*What this task involves*: Please repeat exactly the line containing "LUX Tempting Whisper Body Wash 400ml" and each line after it in the records below, through the last.

*The records*:
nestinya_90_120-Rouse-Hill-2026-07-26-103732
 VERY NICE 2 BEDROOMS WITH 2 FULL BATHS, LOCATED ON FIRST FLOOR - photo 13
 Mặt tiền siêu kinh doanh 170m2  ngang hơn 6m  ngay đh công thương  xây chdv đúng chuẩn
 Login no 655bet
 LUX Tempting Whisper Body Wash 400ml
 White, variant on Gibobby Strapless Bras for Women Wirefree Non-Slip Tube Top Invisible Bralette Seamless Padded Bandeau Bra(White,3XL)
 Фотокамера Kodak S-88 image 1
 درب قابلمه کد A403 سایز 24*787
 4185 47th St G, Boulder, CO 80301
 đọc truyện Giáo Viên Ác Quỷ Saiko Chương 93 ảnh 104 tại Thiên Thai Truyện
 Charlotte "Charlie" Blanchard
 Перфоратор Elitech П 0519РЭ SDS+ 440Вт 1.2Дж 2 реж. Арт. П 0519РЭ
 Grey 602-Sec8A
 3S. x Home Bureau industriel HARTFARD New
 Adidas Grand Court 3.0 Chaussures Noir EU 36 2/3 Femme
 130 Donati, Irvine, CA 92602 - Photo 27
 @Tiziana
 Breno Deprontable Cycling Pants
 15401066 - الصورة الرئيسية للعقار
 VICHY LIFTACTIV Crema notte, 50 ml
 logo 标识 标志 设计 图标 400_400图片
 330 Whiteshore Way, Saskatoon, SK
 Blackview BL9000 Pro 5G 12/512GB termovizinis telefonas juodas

*Solved exercise*:
 LUX Tempting Whisper Body Wash 400ml
 White, variant on Gibobby Strapless Bras for Women Wirefree Non-Slip Tube Top Invisible Bralette Seamless Padded Bandeau Bra(White,3XL)
 Фотокамера Kodak S-88 image 1
 درب قابلمه کد A403 سایز 24*787
 4185 47th St G, Boulder, CO 80301
 đọc truyện Giáo Viên Ác Quỷ Saiko Chương 93 ảnh 104 tại Thiên Thai Truyện
 Charlotte "Charlie" Blanchard
 Перфоратор Elitech П 0519РЭ SDS+ 440Вт 1.2Дж 2 реж. Арт. П 0519РЭ
 Grey 602-Sec8A
 3S. x Home Bureau industriel HARTFARD New
 Adidas Grand Court 3.0 Chaussures Noir EU 36 2/3 Femme
 130 Donati, Irvine, CA 92602 - Photo 27
 @Tiziana
 Breno Deprontable Cycling Pants
 15401066 - الصورة الرئيسية للعقار
 VICHY LIFTACTIV Crema notte, 50 ml
 logo 标识 标志 设计 图标 400_400图片
 330 Whiteshore Way, Saskatoon, SK
 Blackview BL9000 Pro 5G 12/512GB termovizinis telefonas juodas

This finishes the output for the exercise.